Data for the task:
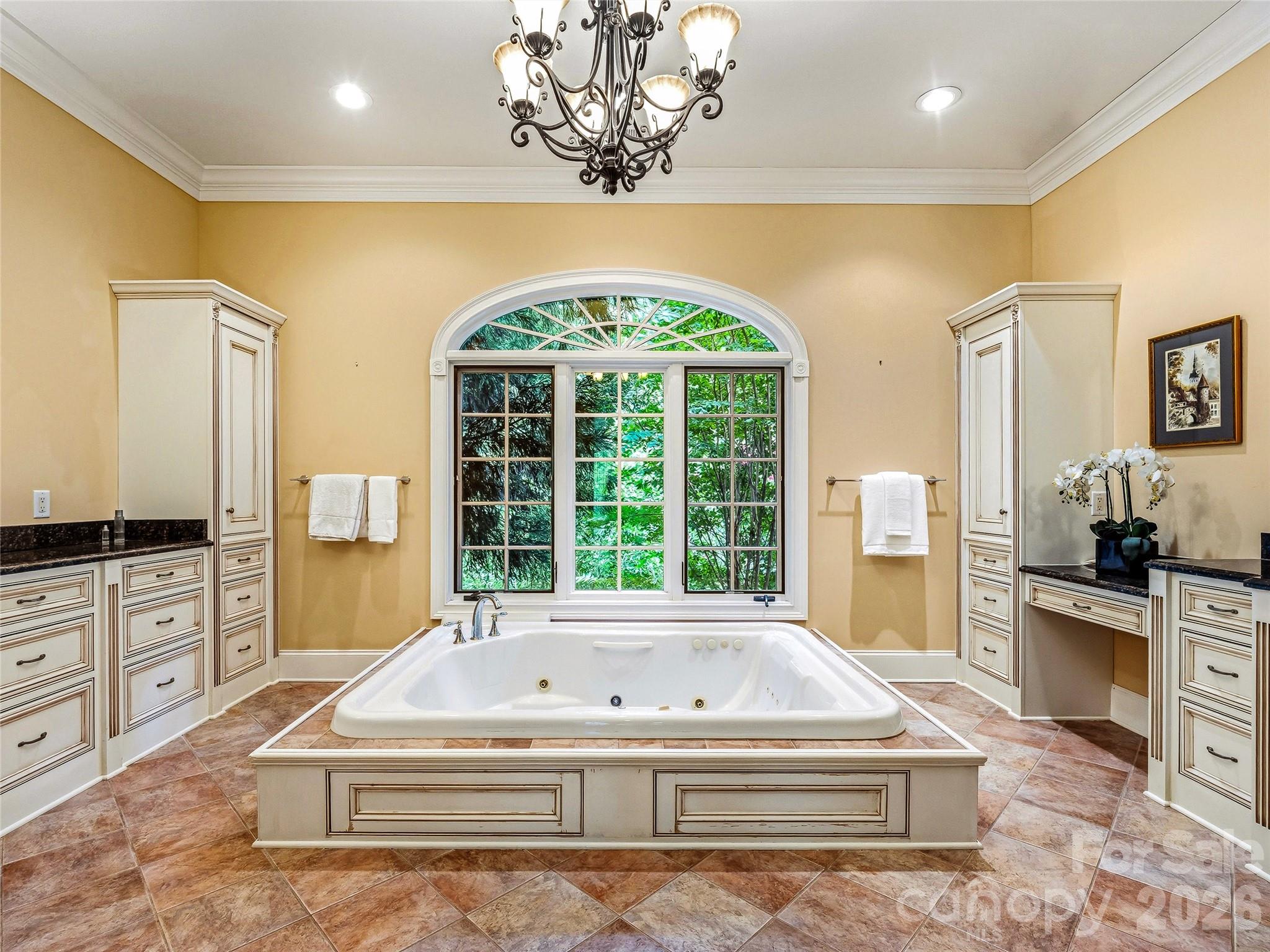 Primary Bath Heated tile floors. Jetted tub. Walk-in shower. Two closets. A spa that's exclusively yours. - 150 Rainbow View Drive, Fletcher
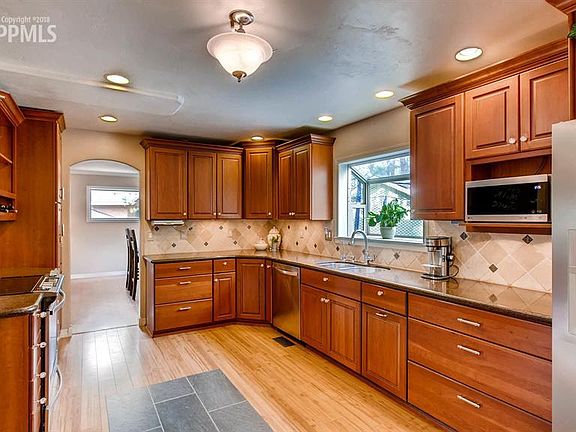 Remodeled kitchen with Omega Cabinets!  Granite, Stainless, Custom floors!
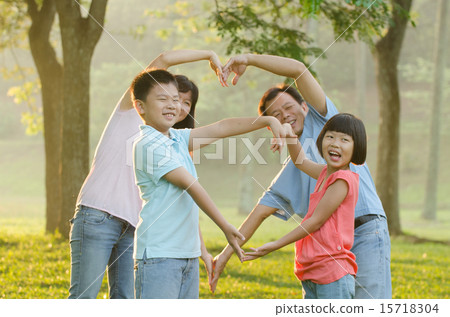Asian Family Enjoying Walk In Summer Countryside Asian Family Enjoying Walk In Summer Countryside 15718304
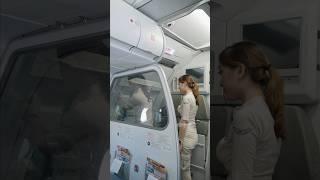 Junior flight attendant is watching the process of closing the airbus 320 door ️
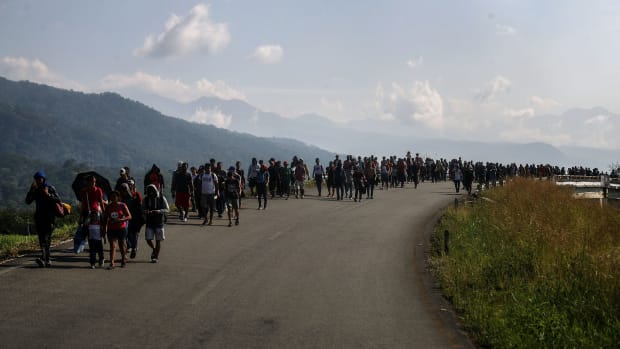Members of a caravan of Central American migrants walk along a highway on their way toward the United States on January 20th, 2019, in Huixtla, Mexico.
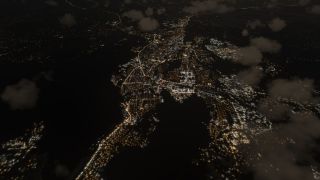 An aerial nighttime view shows networks of white and amber city lights interrupted by dark areas and scattered clouds.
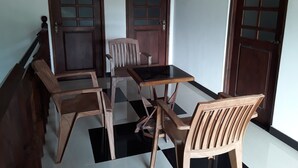 A dining area with a checkered floor, wooden furniture, and two doors with glass panels. - Darshani Hikka Villa (Hikkaduwa)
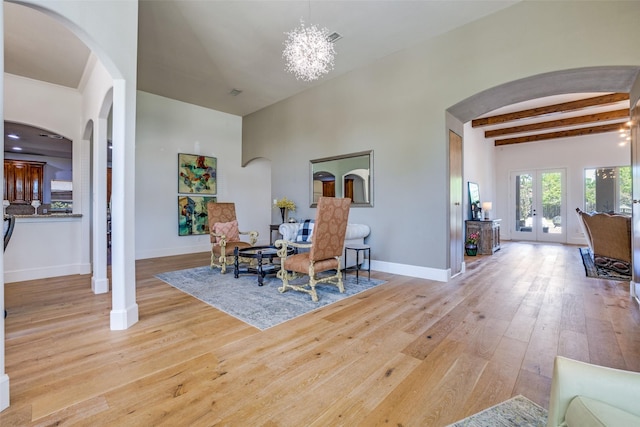 interior space featuring beam ceiling, hardwood / wood-style floors, baseboards, and arched walkways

Task prompt:
Repeat verbatim the range of lines that opens at the line containing "Remodeled kitchen with" and closes at the last line of the entries, excluding all pictures.

Your solution:
 Remodeled kitchen with Omega Cabinets!  Granite, Stainless, Custom floors!
Asian Family Enjoying Walk In Summer Countryside Asian Family Enjoying Walk In Summer Countryside 15718304
 Junior flight attendant is watching the process of closing the airbus 320 door ️
Members of a caravan of Central American migrants walk along a highway on their way toward the United States on January 20th, 2019, in Huixtla, Mexico.
 An aerial nighttime view shows networks of white and amber city lights interrupted by dark areas and scattered clouds.
 A dining area with a checkered floor, wooden furniture, and two doors with glass panels. - Darshani Hikka Villa (Hikkaduwa)
 interior space featuring beam ceiling, hardwood / wood-style floors, baseboards, and arched walkways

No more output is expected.